§ **ACTION ITEM**
In full and without alteration, reproduce every record.

§ **EXERCISE MATERIAL**

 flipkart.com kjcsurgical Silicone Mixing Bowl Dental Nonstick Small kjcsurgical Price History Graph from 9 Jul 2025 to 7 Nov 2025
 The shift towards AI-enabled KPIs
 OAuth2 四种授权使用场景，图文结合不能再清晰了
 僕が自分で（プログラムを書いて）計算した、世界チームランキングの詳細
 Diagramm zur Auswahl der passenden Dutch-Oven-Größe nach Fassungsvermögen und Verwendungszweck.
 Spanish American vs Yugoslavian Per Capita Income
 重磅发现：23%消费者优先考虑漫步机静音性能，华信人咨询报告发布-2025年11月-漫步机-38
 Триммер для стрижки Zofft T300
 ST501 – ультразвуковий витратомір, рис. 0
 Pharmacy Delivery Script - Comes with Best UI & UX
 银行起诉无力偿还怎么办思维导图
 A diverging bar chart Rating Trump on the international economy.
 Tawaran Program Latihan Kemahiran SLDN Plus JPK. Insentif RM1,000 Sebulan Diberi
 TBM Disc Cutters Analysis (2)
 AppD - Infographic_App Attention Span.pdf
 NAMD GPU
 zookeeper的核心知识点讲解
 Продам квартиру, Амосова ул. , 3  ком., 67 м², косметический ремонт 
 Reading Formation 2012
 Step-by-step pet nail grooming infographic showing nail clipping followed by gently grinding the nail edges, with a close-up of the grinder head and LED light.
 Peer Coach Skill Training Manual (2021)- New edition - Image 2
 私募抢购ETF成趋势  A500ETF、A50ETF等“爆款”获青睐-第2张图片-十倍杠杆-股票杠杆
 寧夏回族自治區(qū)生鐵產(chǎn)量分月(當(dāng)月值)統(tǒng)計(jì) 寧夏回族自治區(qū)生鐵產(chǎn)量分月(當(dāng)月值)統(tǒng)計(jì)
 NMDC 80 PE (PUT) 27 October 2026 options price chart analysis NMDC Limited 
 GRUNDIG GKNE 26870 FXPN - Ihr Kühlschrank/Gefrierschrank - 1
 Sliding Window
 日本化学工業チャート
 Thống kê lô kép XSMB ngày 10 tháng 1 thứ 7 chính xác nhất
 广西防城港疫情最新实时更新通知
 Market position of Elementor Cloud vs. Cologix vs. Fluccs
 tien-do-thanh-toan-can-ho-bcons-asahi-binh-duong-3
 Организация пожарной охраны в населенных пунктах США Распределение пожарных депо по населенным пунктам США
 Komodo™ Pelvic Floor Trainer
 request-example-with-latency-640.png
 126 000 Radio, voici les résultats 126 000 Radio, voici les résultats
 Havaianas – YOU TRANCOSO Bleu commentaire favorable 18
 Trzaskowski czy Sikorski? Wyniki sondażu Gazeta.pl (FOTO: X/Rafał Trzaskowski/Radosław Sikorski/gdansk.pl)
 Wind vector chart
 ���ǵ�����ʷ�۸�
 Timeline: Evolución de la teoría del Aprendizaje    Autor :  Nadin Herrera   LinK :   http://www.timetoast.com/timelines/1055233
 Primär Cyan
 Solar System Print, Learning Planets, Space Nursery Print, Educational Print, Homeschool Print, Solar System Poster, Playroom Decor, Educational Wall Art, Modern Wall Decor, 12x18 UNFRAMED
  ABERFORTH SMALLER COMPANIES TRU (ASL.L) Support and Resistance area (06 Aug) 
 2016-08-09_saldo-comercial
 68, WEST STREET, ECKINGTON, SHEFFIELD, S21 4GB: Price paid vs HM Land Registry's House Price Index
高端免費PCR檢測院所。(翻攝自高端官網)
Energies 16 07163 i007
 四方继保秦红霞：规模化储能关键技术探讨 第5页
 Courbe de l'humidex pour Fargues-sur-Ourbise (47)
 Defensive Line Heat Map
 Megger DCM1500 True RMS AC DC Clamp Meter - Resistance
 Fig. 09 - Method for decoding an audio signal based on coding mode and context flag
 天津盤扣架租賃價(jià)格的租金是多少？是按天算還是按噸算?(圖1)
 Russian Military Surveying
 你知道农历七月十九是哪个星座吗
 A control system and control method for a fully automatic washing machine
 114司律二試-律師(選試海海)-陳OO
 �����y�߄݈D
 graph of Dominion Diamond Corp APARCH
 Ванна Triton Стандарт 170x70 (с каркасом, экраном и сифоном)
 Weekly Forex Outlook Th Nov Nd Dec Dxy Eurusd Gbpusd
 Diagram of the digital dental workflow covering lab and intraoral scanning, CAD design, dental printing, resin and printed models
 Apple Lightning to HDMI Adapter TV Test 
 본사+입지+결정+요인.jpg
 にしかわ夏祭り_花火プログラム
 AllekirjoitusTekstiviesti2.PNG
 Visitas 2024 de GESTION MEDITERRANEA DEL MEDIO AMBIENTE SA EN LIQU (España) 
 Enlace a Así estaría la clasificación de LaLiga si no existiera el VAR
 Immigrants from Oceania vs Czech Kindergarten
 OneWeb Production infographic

§ **TASK SOLUTION**
 flipkart.com kjcsurgical Silicone Mixing Bowl Dental Nonstick Small kjcsurgical Price History Graph from 9 Jul 2025 to 7 Nov 2025
 The shift towards AI-enabled KPIs
 OAuth2 四种授权使用场景，图文结合不能再清晰了
 僕が自分で（プログラムを書いて）計算した、世界チームランキングの詳細
 Diagramm zur Auswahl der passenden Dutch-Oven-Größe nach Fassungsvermögen und Verwendungszweck.
 Spanish American vs Yugoslavian Per Capita Income
 重磅发现：23%消费者优先考虑漫步机静音性能，华信人咨询报告发布-2025年11月-漫步机-38
 Триммер для стрижки Zofft T300
 ST501 – ультразвуковий витратомір, рис. 0
 Pharmacy Delivery Script - Comes with Best UI & UX
 银行起诉无力偿还怎么办思维导图
 A diverging bar chart Rating Trump on the international economy.
 Tawaran Program Latihan Kemahiran SLDN Plus JPK. Insentif RM1,000 Sebulan Diberi
 TBM Disc Cutters Analysis (2)
 AppD - Infographic_App Attention Span.pdf
 NAMD GPU
 zookeeper的核心知识点讲解
 Продам квартиру, Амосова ул. , 3  ком., 67 м², косметический ремонт 
 Reading Formation 2012
 Step-by-step pet nail grooming infographic showing nail clipping followed by gently grinding the nail edges, with a close-up of the grinder head and LED light.
 Peer Coach Skill Training Manual (2021)- New edition - Image 2
 私募抢购ETF成趋势  A500ETF、A50ETF等“爆款”获青睐-第2张图片-十倍杠杆-股票杠杆
 寧夏回族自治區(qū)生鐵產(chǎn)量分月(當(dāng)月值)統(tǒng)計(jì) 寧夏回族自治區(qū)生鐵產(chǎn)量分月(當(dāng)月值)統(tǒng)計(jì)
 NMDC 80 PE (PUT) 27 October 2026 options price chart analysis NMDC Limited 
 GRUNDIG GKNE 26870 FXPN - Ihr Kühlschrank/Gefrierschrank - 1
 Sliding Window
 日本化学工業チャート
 Thống kê lô kép XSMB ngày 10 tháng 1 thứ 7 chính xác nhất
 广西防城港疫情最新实时更新通知
 Market position of Elementor Cloud vs. Cologix vs. Fluccs
 tien-do-thanh-toan-can-ho-bcons-asahi-binh-duong-3
 Организация пожарной охраны в населенных пунктах США Распределение пожарных депо по населенным пунктам США
 Komodo™ Pelvic Floor Trainer
 request-example-with-latency-640.png
 126 000 Radio, voici les résultats 126 000 Radio, voici les résultats
 Havaianas – YOU TRANCOSO Bleu commentaire favorable 18
 Trzaskowski czy Sikorski? Wyniki sondażu Gazeta.pl (FOTO: X/Rafał Trzaskowski/Radosław Sikorski/gdansk.pl)
 Wind vector chart
 ���ǵ�����ʷ�۸�
 Timeline: Evolución de la teoría del Aprendizaje    Autor :  Nadin Herrera   LinK :   http://www.timetoast.com/timelines/1055233
 Primär Cyan
 Solar System Print, Learning Planets, Space Nursery Print, Educational Print, Homeschool Print, Solar System Poster, Playroom Decor, Educational Wall Art, Modern Wall Decor, 12x18 UNFRAMED
  ABERFORTH SMALLER COMPANIES TRU (ASL.L) Support and Resistance area (06 Aug) 
 2016-08-09_saldo-comercial
 68, WEST STREET, ECKINGTON, SHEFFIELD, S21 4GB: Price paid vs HM Land Registry's House Price Index
高端免費PCR檢測院所。(翻攝自高端官網)
Energies 16 07163 i007
 四方继保秦红霞：规模化储能关键技术探讨 第5页
 Courbe de l'humidex pour Fargues-sur-Ourbise (47)
 Defensive Line Heat Map
 Megger DCM1500 True RMS AC DC Clamp Meter - Resistance
 Fig. 09 - Method for decoding an audio signal based on coding mode and context flag
 天津盤扣架租賃價(jià)格的租金是多少？是按天算還是按噸算?(圖1)
 Russian Military Surveying
 你知道农历七月十九是哪个星座吗
 A control system and control method for a fully automatic washing machine
 114司律二試-律師(選試海海)-陳OO
 �����y�߄݈D
 graph of Dominion Diamond Corp APARCH
 Ванна Triton Стандарт 170x70 (с каркасом, экраном и сифоном)
 Weekly Forex Outlook Th Nov Nd Dec Dxy Eurusd Gbpusd
 Diagram of the digital dental workflow covering lab and intraoral scanning, CAD design, dental printing, resin and printed models
 Apple Lightning to HDMI Adapter TV Test 
 본사+입지+결정+요인.jpg
 にしかわ夏祭り_花火プログラム
 AllekirjoitusTekstiviesti2.PNG
 Visitas 2024 de GESTION MEDITERRANEA DEL MEDIO AMBIENTE SA EN LIQU (España) 
 Enlace a Así estaría la clasificación de LaLiga si no existiera el VAR
 Immigrants from Oceania vs Czech Kindergarten
 OneWeb Production infographic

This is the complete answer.